As digital transformation accelerates, cloud services are helping organizations thrive in a COVID-19 world
As the days tick by and the gloomy ramifications of COVID-19 become more apparent, one harsh truth has become crystal clear: Industries that have invested in digital transformation stand a better chance of recovery and survival than others.
The banking industry is a lighthouse example of this principle. Even though the brick-and-mortar branches have had to pull down shutters because of lockdowns and social distancing requirements, many banks have still operated their businesses as usual. They have kept the lights on and handled the pressure of increased online and mobile transactions thanks to cloud-based services.
While the internet has been a key enabler for digital banking, cloud has become the backbone. Cloud is making IT infrastructure vanish. Cloud is where businesses render servers, churn and analyze data, and keep applications humming so they can collaborate with partners and customers.
Many businesses are quickly turning around, moving at speed to adapt and transform their operations. YMCA, Planet Fitness and Nike are offering online fitness classes. Schools and colleges are providing online learning. The demand for Netflix and Amazon Prime has gone up dramatically, and both organizations are now easing telecom network congestion by lowering their bit rates. Online grocery retailers are attempting to keep pace with demand spikes. And working from home has gained momentum, sending the demand for routers, modems and data cards through the roof.

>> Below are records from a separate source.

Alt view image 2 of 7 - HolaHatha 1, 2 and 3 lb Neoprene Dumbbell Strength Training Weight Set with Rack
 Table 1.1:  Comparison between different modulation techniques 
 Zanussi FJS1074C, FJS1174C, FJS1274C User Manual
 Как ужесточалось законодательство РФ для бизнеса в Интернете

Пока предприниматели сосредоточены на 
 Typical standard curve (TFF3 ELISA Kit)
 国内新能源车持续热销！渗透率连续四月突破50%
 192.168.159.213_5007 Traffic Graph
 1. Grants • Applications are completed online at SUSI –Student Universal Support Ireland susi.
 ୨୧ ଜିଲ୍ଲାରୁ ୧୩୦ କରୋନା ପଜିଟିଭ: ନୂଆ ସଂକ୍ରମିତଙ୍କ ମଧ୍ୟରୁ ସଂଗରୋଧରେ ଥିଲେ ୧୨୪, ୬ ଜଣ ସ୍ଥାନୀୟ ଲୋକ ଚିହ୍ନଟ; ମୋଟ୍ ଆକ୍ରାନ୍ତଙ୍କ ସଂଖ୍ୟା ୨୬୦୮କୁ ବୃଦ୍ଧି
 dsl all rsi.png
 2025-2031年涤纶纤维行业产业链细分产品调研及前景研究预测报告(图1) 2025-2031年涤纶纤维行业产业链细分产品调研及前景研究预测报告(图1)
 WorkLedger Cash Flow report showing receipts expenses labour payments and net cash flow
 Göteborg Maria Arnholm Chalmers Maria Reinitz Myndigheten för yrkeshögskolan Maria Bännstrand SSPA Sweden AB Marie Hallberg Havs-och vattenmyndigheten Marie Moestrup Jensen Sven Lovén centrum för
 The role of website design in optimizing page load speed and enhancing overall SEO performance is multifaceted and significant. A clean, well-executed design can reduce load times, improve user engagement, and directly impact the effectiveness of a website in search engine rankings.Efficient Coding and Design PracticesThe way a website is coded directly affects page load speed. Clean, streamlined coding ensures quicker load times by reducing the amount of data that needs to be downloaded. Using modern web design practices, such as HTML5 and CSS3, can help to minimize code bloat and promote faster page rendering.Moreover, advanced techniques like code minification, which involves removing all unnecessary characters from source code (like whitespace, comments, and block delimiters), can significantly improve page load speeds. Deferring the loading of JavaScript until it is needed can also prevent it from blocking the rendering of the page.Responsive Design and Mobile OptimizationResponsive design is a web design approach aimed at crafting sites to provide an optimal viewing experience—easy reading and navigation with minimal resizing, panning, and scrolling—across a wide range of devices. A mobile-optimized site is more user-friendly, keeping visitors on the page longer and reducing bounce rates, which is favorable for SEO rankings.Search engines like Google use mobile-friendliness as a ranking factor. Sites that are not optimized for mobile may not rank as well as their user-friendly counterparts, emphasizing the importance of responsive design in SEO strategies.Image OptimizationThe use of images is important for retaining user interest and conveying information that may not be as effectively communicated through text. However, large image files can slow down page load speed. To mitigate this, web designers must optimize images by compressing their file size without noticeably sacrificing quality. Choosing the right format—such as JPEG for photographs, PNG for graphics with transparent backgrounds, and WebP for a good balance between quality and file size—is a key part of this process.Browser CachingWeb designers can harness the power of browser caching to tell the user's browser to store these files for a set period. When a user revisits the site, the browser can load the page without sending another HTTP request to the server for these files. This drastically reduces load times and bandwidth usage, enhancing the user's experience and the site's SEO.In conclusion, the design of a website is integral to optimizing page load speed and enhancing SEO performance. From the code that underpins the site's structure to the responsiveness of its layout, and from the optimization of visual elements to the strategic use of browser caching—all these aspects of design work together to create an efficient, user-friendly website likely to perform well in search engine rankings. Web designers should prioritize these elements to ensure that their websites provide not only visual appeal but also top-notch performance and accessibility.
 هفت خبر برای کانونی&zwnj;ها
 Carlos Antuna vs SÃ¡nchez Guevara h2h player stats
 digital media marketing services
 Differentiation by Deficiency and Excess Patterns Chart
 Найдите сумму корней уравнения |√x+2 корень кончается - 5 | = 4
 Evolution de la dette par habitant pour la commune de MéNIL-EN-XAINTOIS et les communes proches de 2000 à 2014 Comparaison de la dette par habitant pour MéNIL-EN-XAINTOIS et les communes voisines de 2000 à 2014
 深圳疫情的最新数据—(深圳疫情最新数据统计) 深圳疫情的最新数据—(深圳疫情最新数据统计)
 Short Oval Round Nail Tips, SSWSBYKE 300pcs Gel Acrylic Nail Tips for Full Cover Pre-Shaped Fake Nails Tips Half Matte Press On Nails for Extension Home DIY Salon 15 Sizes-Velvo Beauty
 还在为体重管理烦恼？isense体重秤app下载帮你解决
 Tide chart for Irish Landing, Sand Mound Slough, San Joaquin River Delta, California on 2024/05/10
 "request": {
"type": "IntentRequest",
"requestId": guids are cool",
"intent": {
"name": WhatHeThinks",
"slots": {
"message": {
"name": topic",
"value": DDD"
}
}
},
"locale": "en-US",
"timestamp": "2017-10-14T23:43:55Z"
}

We will see a slew of innovations like these in the coming months, from businesses big and small, that will bring cloud services into sharp focus with their need for scale in a COVID-19 world. Everyone is looking to the cloud to reimagine businesses and make collaboration happen on an unprecedented scale, and the cloud has proven its ability to respond with speed while remaining robust.
While enterprise IT, governments, entrepreneurs and other organizations work on their plans to respond to crises, the focus should be on providing great user experience in the post-COVID-19 era. In regard to the cloud, enterprises should focus on the following key tactics to prepare accordingly:
- Scaling existing services: Applications currently hosted on-premises will move to the cloud. Extending the data center via software-defined data center solutions into hyperscalers will help achieve scale and business flexibility.
- Giving businesses ample wiggle room: By adopting a multi-cloud strategy, businesses can de-risk themselves against failure, capacity challenges and operational barriers.
- Extending and expanding geographical reach: This can be done by deploying applications to geo-specific cloud platforms.
- Going cloud-native: Design and develop new applications on PaaS using a DevOps approach for rapid rollouts.
- Strengthening the core strategy: The strategy should be to support rapid and unexpected changes in work and service consumption needs through optimal network bandwidth, VPN connectivity, bandwidth throttling, consumption-based adoption model, remote VDI as a service and SD-WAN based solutions.
- Investing in a heightened security posture: Cloud solutions should be based on data classification (privacy, availability) without sacrificing application, infrastructure, access or data security.
- Developing new working models: Address medium and long-term requirements with a hybrid support model and local onsite versus remote versus offshore support.
Having achieved the above, enterprises would be wise to reduce their operations costs and channel the savings into new cloud initiatives. Enterprises should attempt to extend the life cycle of their existing assets before considering a refresh, while simultaneously moving to a subscription-based, pay-as-you-go model rather than footing steep licensing bills.
But the cloud journey doesn’t end there. Goal-oriented and highly motivated businesses will use their cloud credits to support proofs-of-concept and other essential services. One way of doing this is to containerize applications and remediate end-of-life issues around OS, improving computing density and rationalizing OS licenses for cost savings. The other established route to achieve savings is to outsource value streams to trusted partners.
COVID-19 is going to accelerate the cloud journey for scores of enterprises, and investments in the technology will quickly show their upsides—improved business resilience, cost control, and above all, the ability to keep the lights on.